14. Further, reliance of the petitioner on State of
Rajasthan & another v. Mohd. Ayub Naz4, where the question
under consideration before the Supreme Court was that if a
government servant willfully remains absent for a period
of about three years, whether has a right to receive
monetary/retiral benefits, the Supreme Court held that
such a person has no right to receive monetary/retiral
benefits.

15. In State of Madhya Pradesh & Others v. Hazarilal5,

relied on by the petitioner, the Supreme Court observed as

under:

“7. By reason of the said provision,
thus, “the disciplinary authority has
been empowered to consider the
circumstances of the case where any
penalty is imposed on a government
servant on the ground of conduct
which has led to his conviction on a
criminal charge”, but the same would
not mean that irrespective of the
nature of the case in which he was
involved or the punishment which has
been imposed upon him, an order of
dismissal must be passed. Such a
construction, in our opinion, is not
warranted.”

16. Having regard to the facts situation of the case and

in view of the various pronouncements as aforestated, it

cannot be held that the willful absence of the petitioner

has not caused any damage or loss to the respondent No. 1.
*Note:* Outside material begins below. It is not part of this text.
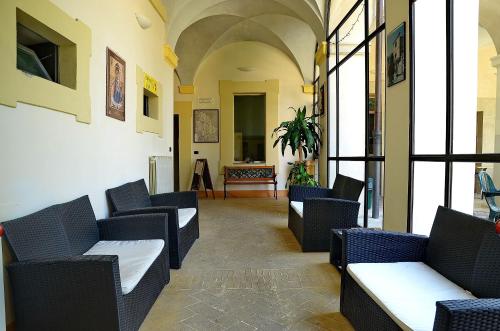 Ruang duduk di Ostello Palazzo Pierantoni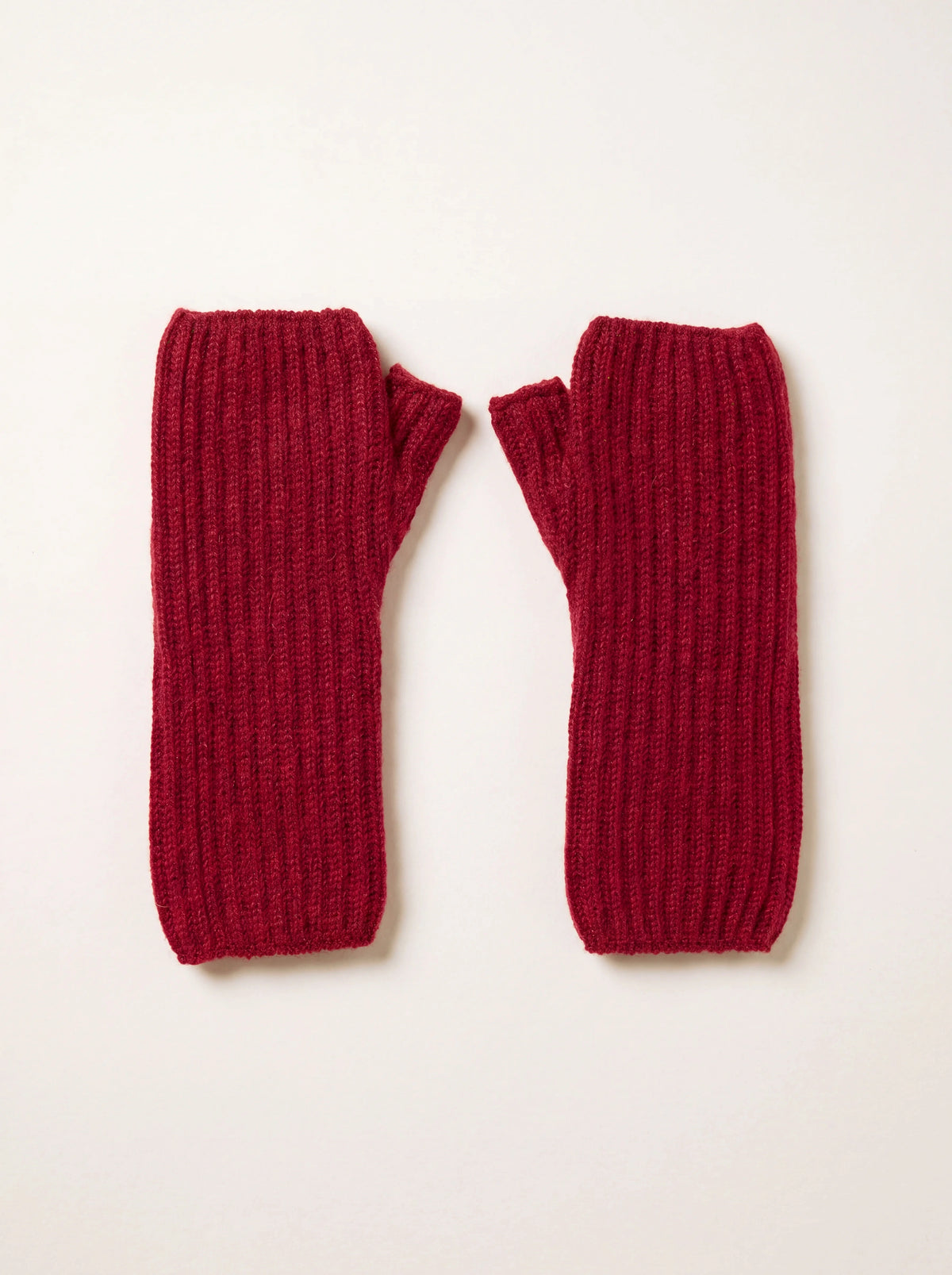 Claret cashmere ribbed wrist warmers laid flat, showing thumb openings and open-finger design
The absence of 196 days from 1984 to 1985 was not the

first instance as even earlier also, the petitoner

remained absent for a period of 127 days from October,

1983 to May, 1984. Thus, the petitioner was a habitual

absentee. Some information to the employer does not grant

sanction to an employee to remain absent unauthorisedly,

without proper sanction of the employer. The Courts below

have not examined the fact of willful absence but on the

basis of documents and the facts produced before this

Court as well as before the Courts below, I have no

hesitation in holding that the petitioner remained

willfully unauthorisedly absent from service.

17. Thus, for the reasons stated hereinabove, the writ
petition fails and is accordingly dismissed.

18. There shall be no order asto costs.